Yesmin Delgado King O'Neal Scholar

Yesmin Delgado Alabart left Cuba at the age of 24 seeking opportunity and a brighter future.

After immigrating to the United States, she spent her first two years in Miami before settling in Tampa Bay to begin her higher education journey. She worked to support herself full time while balancing course work, learning English along the way.

Now Alabart will be graduating this summer with a bachelor’s degree in Accounting from USF’s St. Petersburg campus. She is doing so with a 4.0 GPA. 

She also has a coveted internship lined up with the global tax and consulting firm RSM and has been accepted into a master’s of Accountancy program with the goal of earning her CPA license.

“If you are ambitious and want to achieve more, you have that opportunity here,” Alabart said. “I’ve worked really hard and because English was my second language, it made me work harder on my studies. It has been very rewarding.”

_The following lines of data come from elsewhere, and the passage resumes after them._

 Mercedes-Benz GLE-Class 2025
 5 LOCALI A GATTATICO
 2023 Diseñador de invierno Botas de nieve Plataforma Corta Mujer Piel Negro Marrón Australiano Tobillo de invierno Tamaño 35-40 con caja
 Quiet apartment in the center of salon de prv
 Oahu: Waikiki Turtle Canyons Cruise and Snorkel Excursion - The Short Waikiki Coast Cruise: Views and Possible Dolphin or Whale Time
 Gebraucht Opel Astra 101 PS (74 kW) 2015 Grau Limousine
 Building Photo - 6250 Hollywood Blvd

Alabart’s path to accounting stemmed from an early interest in numbers and an entrepreneurial spirit she inherited from her grandfather. He owned his own business in Cuba until the Cuban Revolution of the 1950s. Even after, Alabart said he always had a business mindset and looked to turn problems into opportunities. Eventually, when tourism opened up more fully on the island nation, he would rent out rooms on his property to visitors.

Alabart first pursued an associate’s degree in Business Administration at St. Petersburg College with a similar spirit and determination. During this time, she volunteered for AARP to prepare taxes for residents of Pinellas County, blending her lifelong math interest with her newfound business skills to help people.

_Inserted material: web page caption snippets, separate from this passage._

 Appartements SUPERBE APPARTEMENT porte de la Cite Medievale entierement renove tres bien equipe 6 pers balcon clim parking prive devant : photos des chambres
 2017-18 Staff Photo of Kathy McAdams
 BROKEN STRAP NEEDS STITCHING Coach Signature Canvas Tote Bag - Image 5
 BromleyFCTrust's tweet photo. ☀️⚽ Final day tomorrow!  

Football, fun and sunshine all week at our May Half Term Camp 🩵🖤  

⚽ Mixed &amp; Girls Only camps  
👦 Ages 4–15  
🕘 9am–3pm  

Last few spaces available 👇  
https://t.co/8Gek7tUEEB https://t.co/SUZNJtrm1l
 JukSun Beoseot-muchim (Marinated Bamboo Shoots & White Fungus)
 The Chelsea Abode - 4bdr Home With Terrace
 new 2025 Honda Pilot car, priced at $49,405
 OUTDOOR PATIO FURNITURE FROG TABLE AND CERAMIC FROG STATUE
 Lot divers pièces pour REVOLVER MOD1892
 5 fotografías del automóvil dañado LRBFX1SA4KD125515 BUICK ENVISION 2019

“In accounting, I especially like the area of doing taxes for people because it is an instant gratification when getting someone money back,” she said.

Upon transferring to the USF St. Petersburg campus, Alabart took up to three classes a semester while balancing a 40-hour work week and continuing to master the English language. She held positions as an office administrator at a staffing company, an assistant bookkeeper at Pinellas Technical College, worked for a small CPA firm and completed an internship at the tax and accounting firm Concannon Miller.

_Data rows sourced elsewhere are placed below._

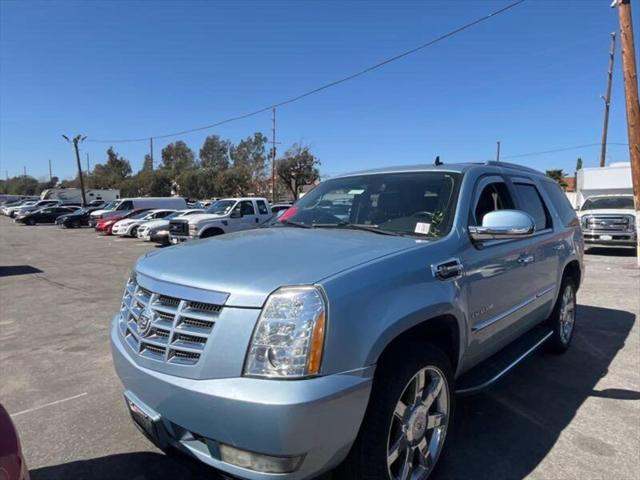 used 2011 Cadillac Escalade Hybrid car, priced at $11,988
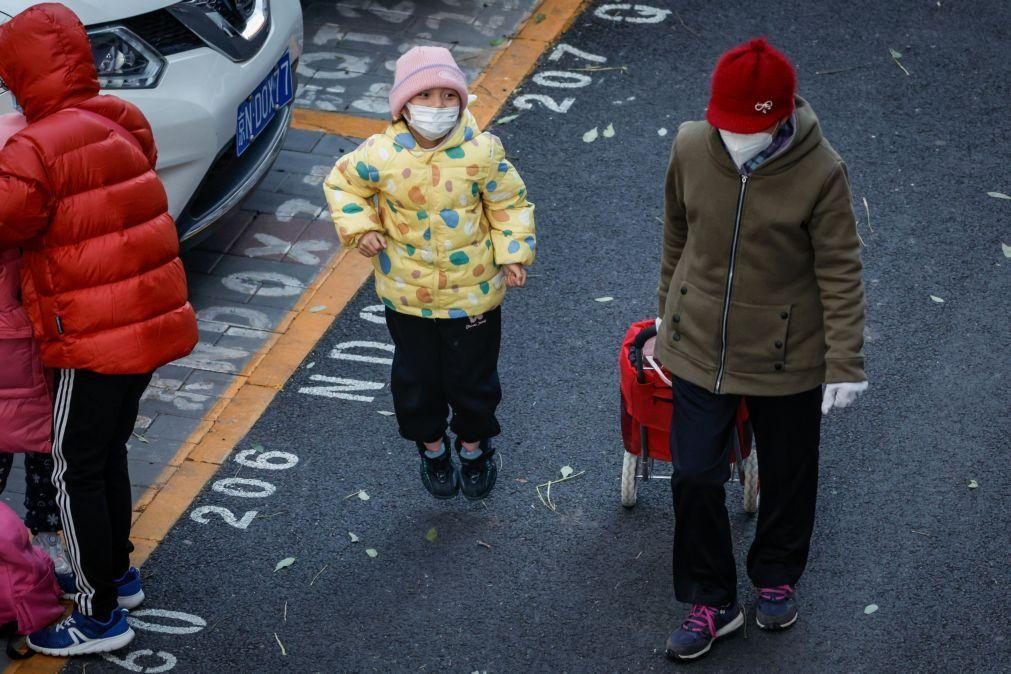 Pequim associa surto de infecções respiratórias a combinação de agentes patogénicos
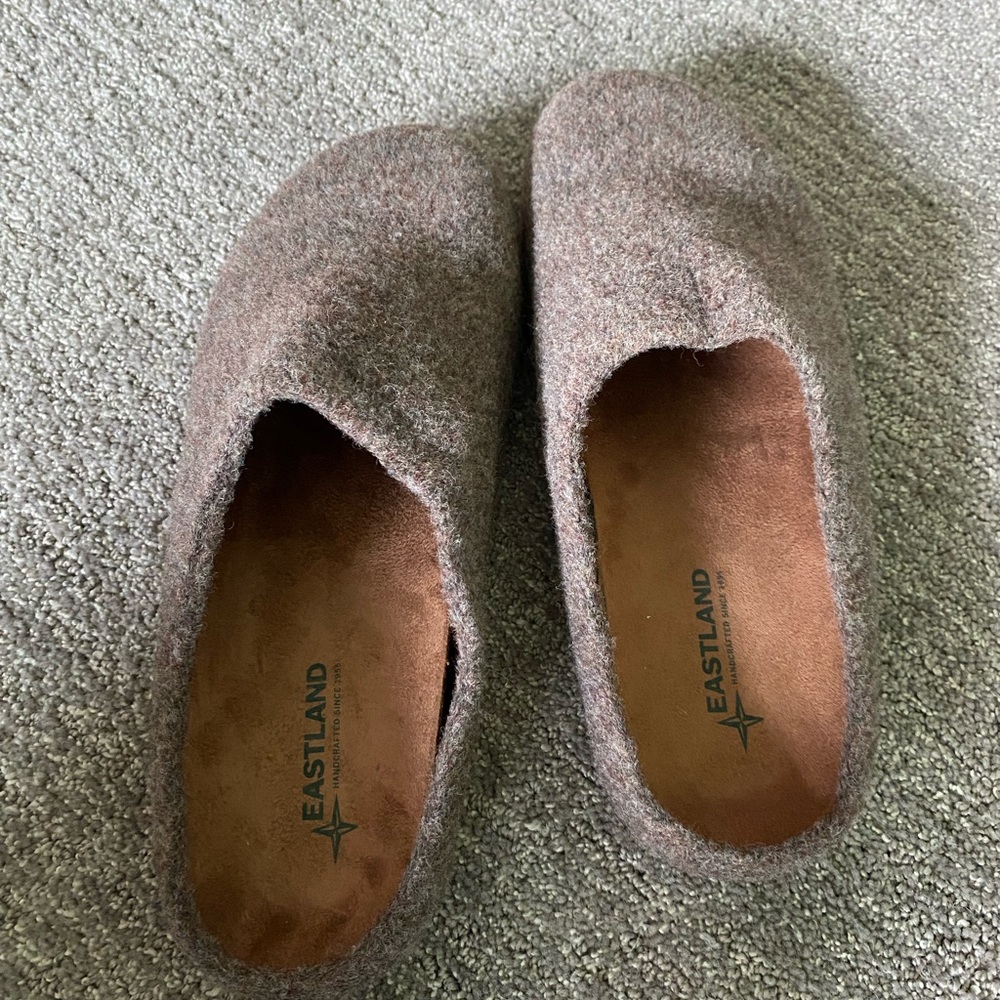 NWOB Eastland slippers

If that wasn’t enough, most of Alabart’s college experience took place during the upheaval of the pandemic. She thanks the faculty and staff at the Kate Tiedemann School of Business and Finance for keeping her on track and excelling.

“My professors have been exceptional. A lot have worked in the industries they teach, so their classes have been really informative for myself and other students,” she said. “And the [academic and career] advisor team were so supportive, Jill Brown in particular. I wasn’t getting any calls from companies before I met Jill, but I was after she helped restructure my resume.” 

Alabart hopes to next combine all the knowledge she has learned along her journey with her tremendous work ethic to be part of helping grow a company. Her grandfather, she suspects, would be proud.